John_Maxwell_IV comments on Stupid Questions Open Thread - Less Wrong Discussion
You are viewing a comment permalink. View the original post to see all comments and the full post content.
You are viewing a comment permalink. View the original post to see all comments and the full post content.
Comments (265)
If the SIAI engineers figure out how to construct friendly super-AI, why would they care about making it respect the values of anyone but themselves? What incentive do they have to program an AI that is friendly to humanity, and not just to themselves? What's stopping LukeProg from appointing himself king of the universe?
Now that I understand your question better, here's my answer:
Let's say the engineers decide to make the AI respect only their values. But if they were the sort of people who were likely to do that, no one would donate money to them. They could offer to make the AI respect the values of themselves and their donors, but that would alienate everyone else and make the lives of themselves and their donors difficult. The species boundary between humans and other living beings is a natural place to stop expanding the circle of enfranchised agents.
This seems to depend on the implicit assumption that their donors (and everyone else powerful enough to make their lives difficult) don't mind having the values of third parties respected.
If some do mind, then there's probably some optimally pragmatic balancing point short of all humans.
Probably, but defining that balancing point would mean a lot of bureaucratic overhead to determine who to exclude or include.
Can you expand on what you mean by "bureaucratic" here?
Are people going to vote on whether someone should be included? Is there an appeals process? Are all decisions final?
OK, thanks.
It seems to me all these questions arise for "include everyone" as well.

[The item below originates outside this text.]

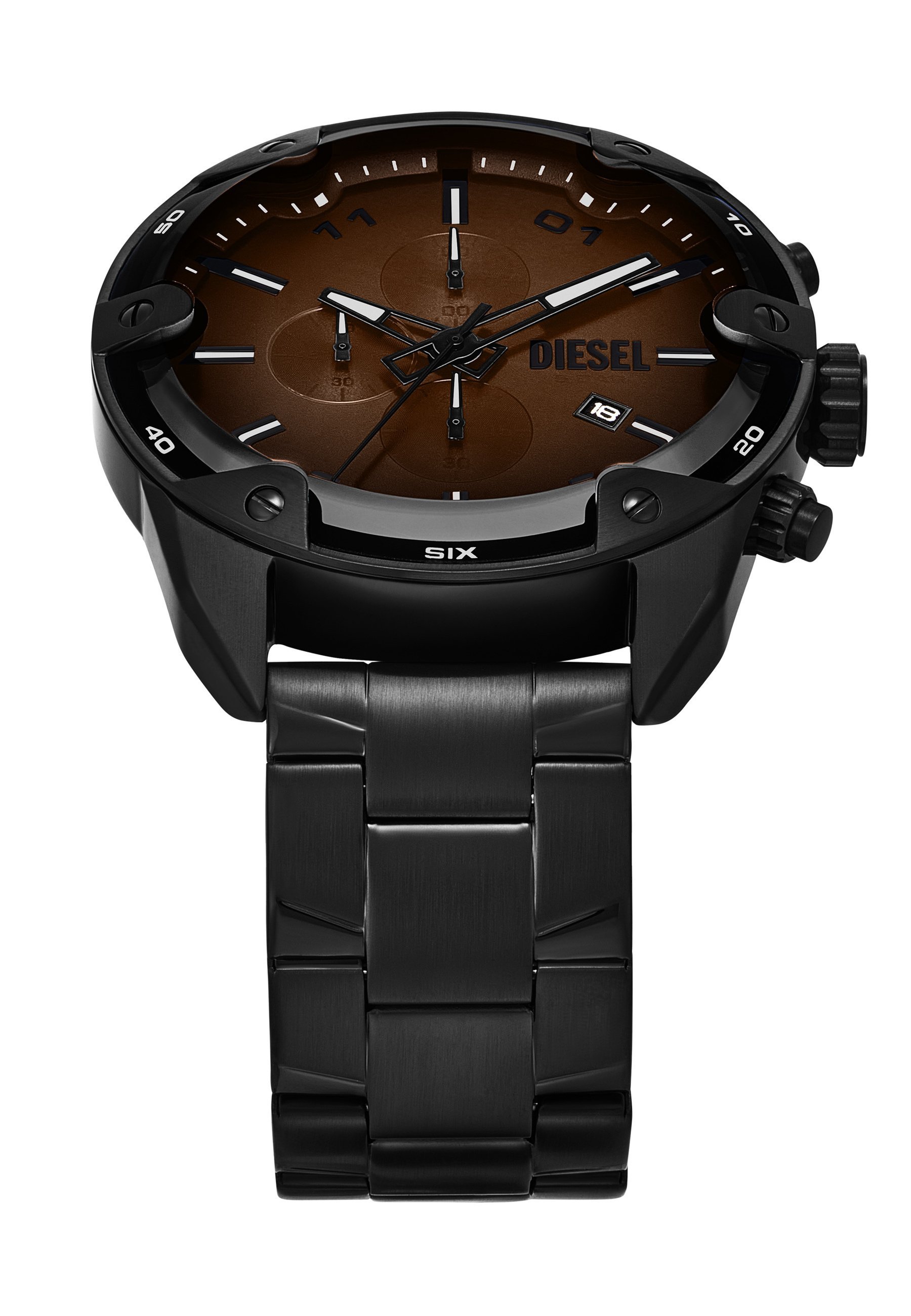 Diesel SPIKED - Montre chronographe - noire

Somewhere along the line someone is going to suggest "don't include fundamentalist Christians", for example, and if I'm committed to the kind of democratic decision process you imply, then we now need to have a vote, or at least decide whether we have a vote, etc. etc, all of that bureaucratic overhead.
Of course, that might not be necessary; I could just unilaterally override that suggestion, mandate "No, we include everyone!", and if I have enough clout to make that stick, then it sticks, with no bureaucratic overhead. Yay! This seems to more or less be what you have in mind.
It's just that the same goes for "Include everyone except fundamentalist Christians."
In any case, I don't see how any of this cumbersome democratic machinery makes any sense in this scenario. Actually working out CEV implies the existence of something, call it X, that is capable of extrapolating a coherent volition from the state of a group of minds. What's the point of voting, appeals, etc. when that technology is available? X itself is a better solution to the same problem.
Which implies that it's possible to identify a smaller group of minds as the Advisory Board and say to X "Work out the Advisory Board's CEV with respect to whose minds should be included as input to a general-purpose optimizer's target definition, then work out the CEV of those minds with respect to the desired state of the world."
Then anyone with enough political clout to get in my way, I add to the Advisory Board, thereby ensuring that their values get taken into consideration (including their values regarding whose values get included).
That includes folks who think everyone should get an equal say, folks who think that every human should get an equal say, folks who think that everyone with more than a certain threshold level of intelligence and moral capacity get a say, folks who think that everyone who agrees with them get a say, etc., etc. X works all of that out, and spits out a spec on the other side for who actually gets a say and to what degree, which it then takes as input to the actual CEV-extrapolating process.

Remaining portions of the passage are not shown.